The children spread the sulphurs upon a little table, and all the company gathered round it.

“Here are all the nine muses for you,” said the least of the boys, who had taken his seat by Clarence Hervey at dinner; “here are all the muses for you, Mr. Hervey: which do you like best?—Oh, that’s the tragic muse that you have chosen!—You don’t like the tragic better than the comic muse, do you?”

Clarence Hervey made no answer, for he was at that instant recollecting how Belinda looked in the character of the tragic muse.

“Has your ladyship ever happened to meet with the young lady who has spent this winter with Lady Delacour?” said Clarence to Lady Anne.

“I sat near her one night at the opera,” said Lady Anne: “she has a charming countenance.”

“Who?—Belinda Portman, do you mean?” said Mrs. Delacour. “I am sure if I were a young man, I would not trust to the charming countenance of a young lady who is a pupil of Mrs. Stanhope’s, and a friend of—Helena, my dear, shut the door—the most dissipated woman in London.”

“Indeed,” said Lady Anne, “Miss Portman is in a dangerous situation; but some young people learn prudence by being placed in dangerous situations, as some young horses, I have heard Mr. Percival say, learn to be sure-footed, by being left to pick their own way on bad roads.”

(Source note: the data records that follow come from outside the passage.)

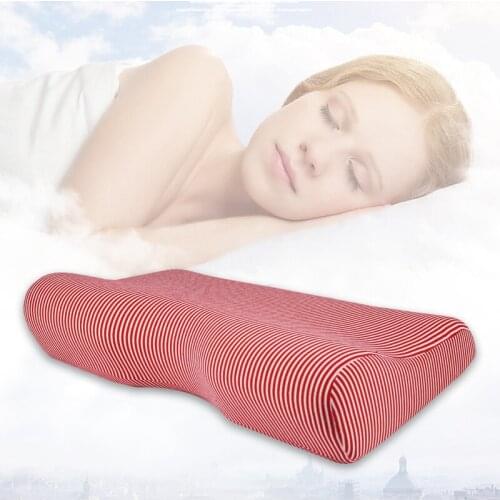Slow Rebound Memory Foam Neck Pillow Orthopedic Cervical Coccyx Massager Health Care Pain Release Sleeping Pillow
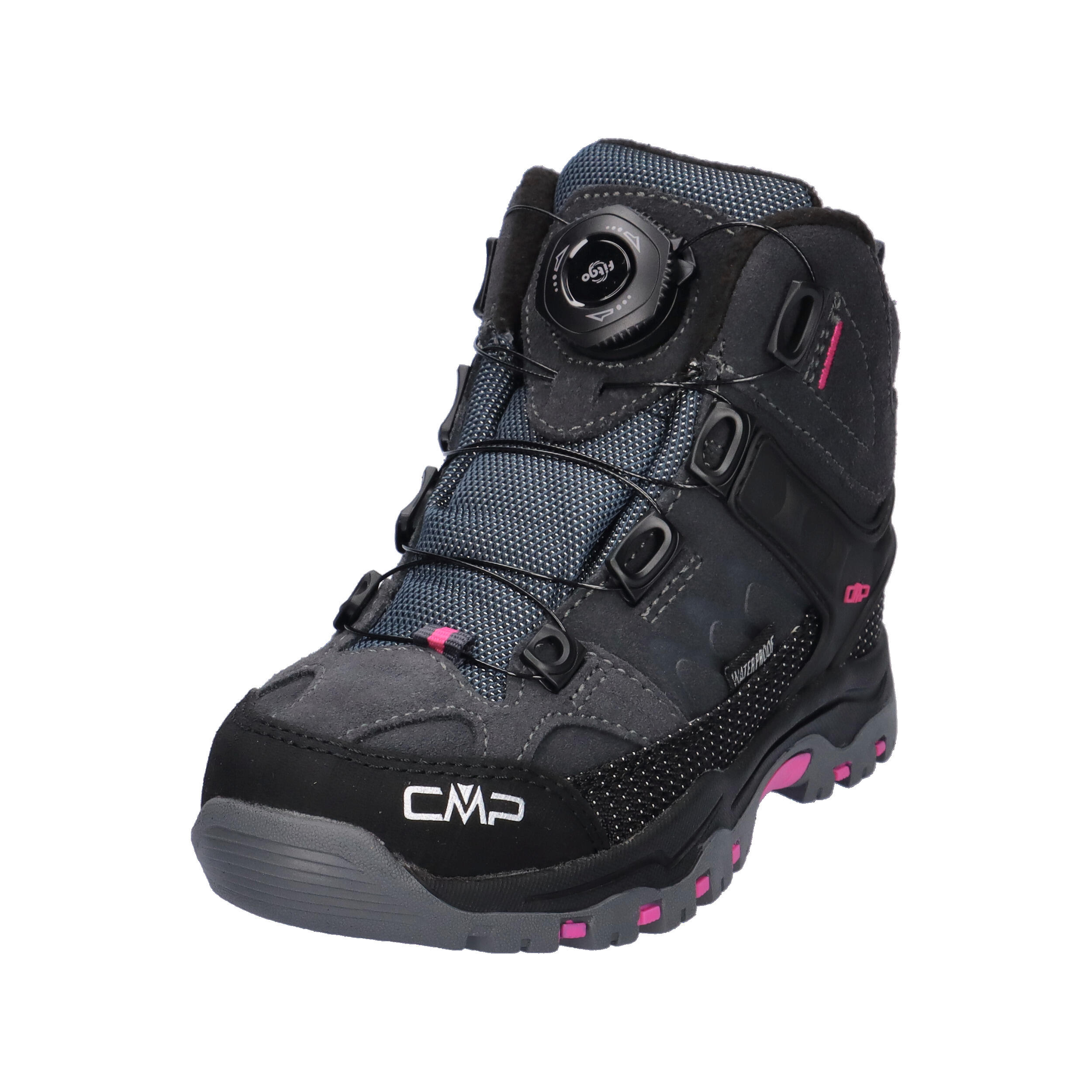 CMP Kinder Trekkingschuhe Kids Kiruna Mid FITGO Fleece WP 3Q57894 4/15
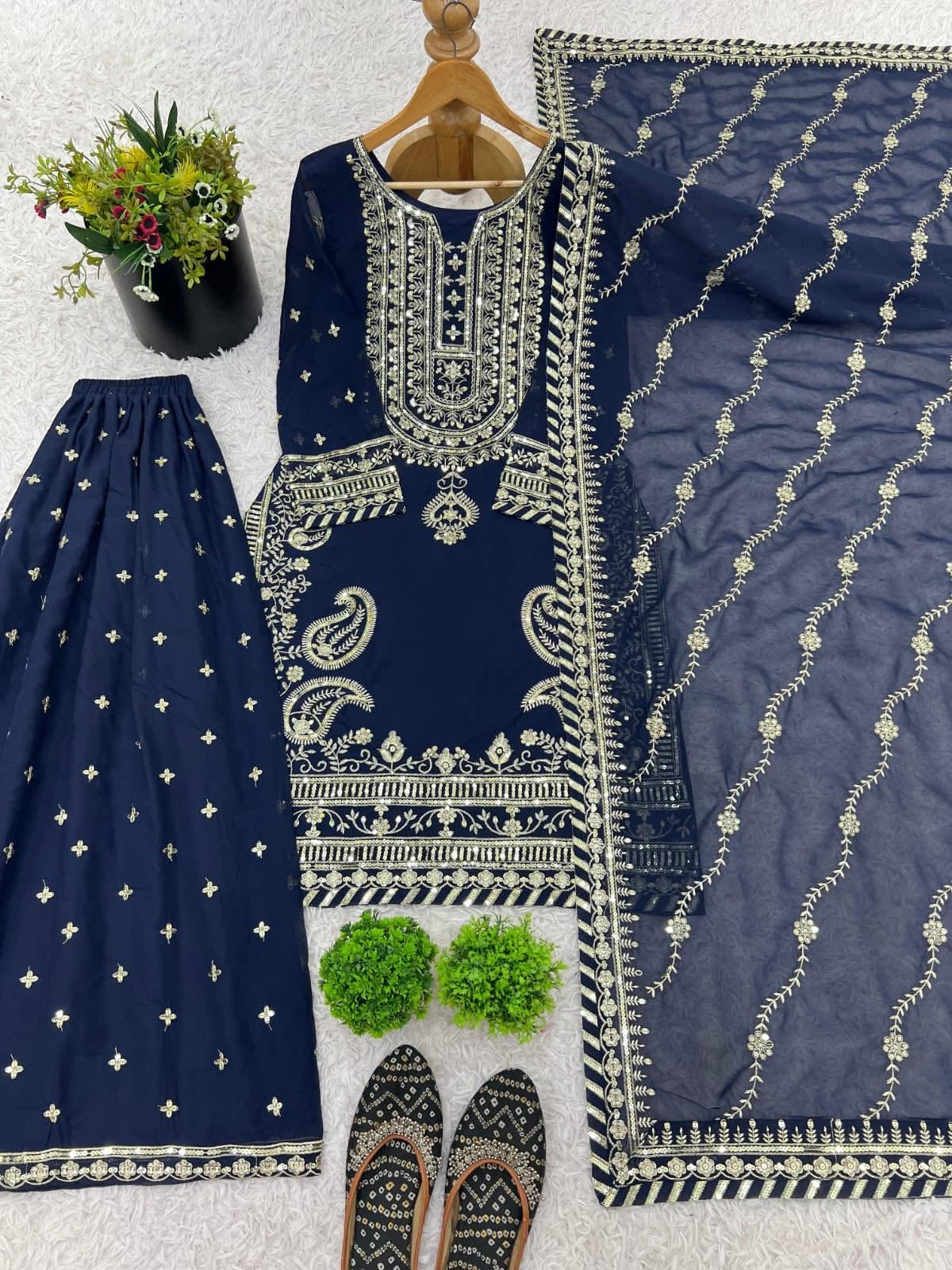 P3508 Georgette Sharara Suit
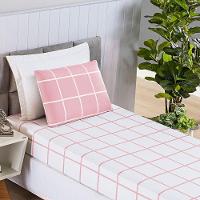 Jogo De Lençol Solteiro Micropercal 200 Fios Dustin 2 Peças - Rosa - 1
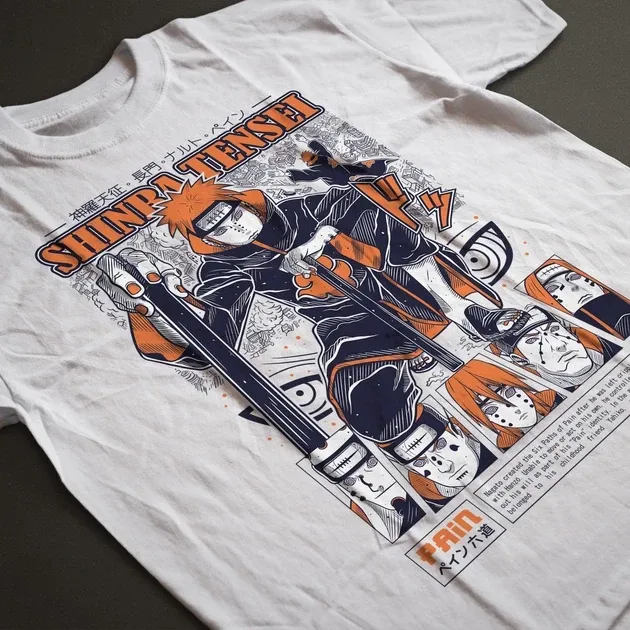 Футболка чоловіча з  принтом Наруто Pain Shinra Tensei WE Розмір 48 Дніпро - фото 4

Here Mr. Percival, Dr. X——, and some other gentlemen, came up stairs to tea, and the conversation took another turn. Clarence Hervey endeavoured to take his share in it with his usual vivacity, but he was thinking of Belinda Portman, dangerous situations, stumbling horses, &c; and he made several blunders, which showed his absence of mind.

“What have you there, Mr. Hervey?” said Dr. X——, looking over his shoulder—“the tragic muse? This tragic muse seems to rival Lady Delacour in your admiration.”

“Oh,” said Clarence, smiling, “you know I was always a votary of the muses.”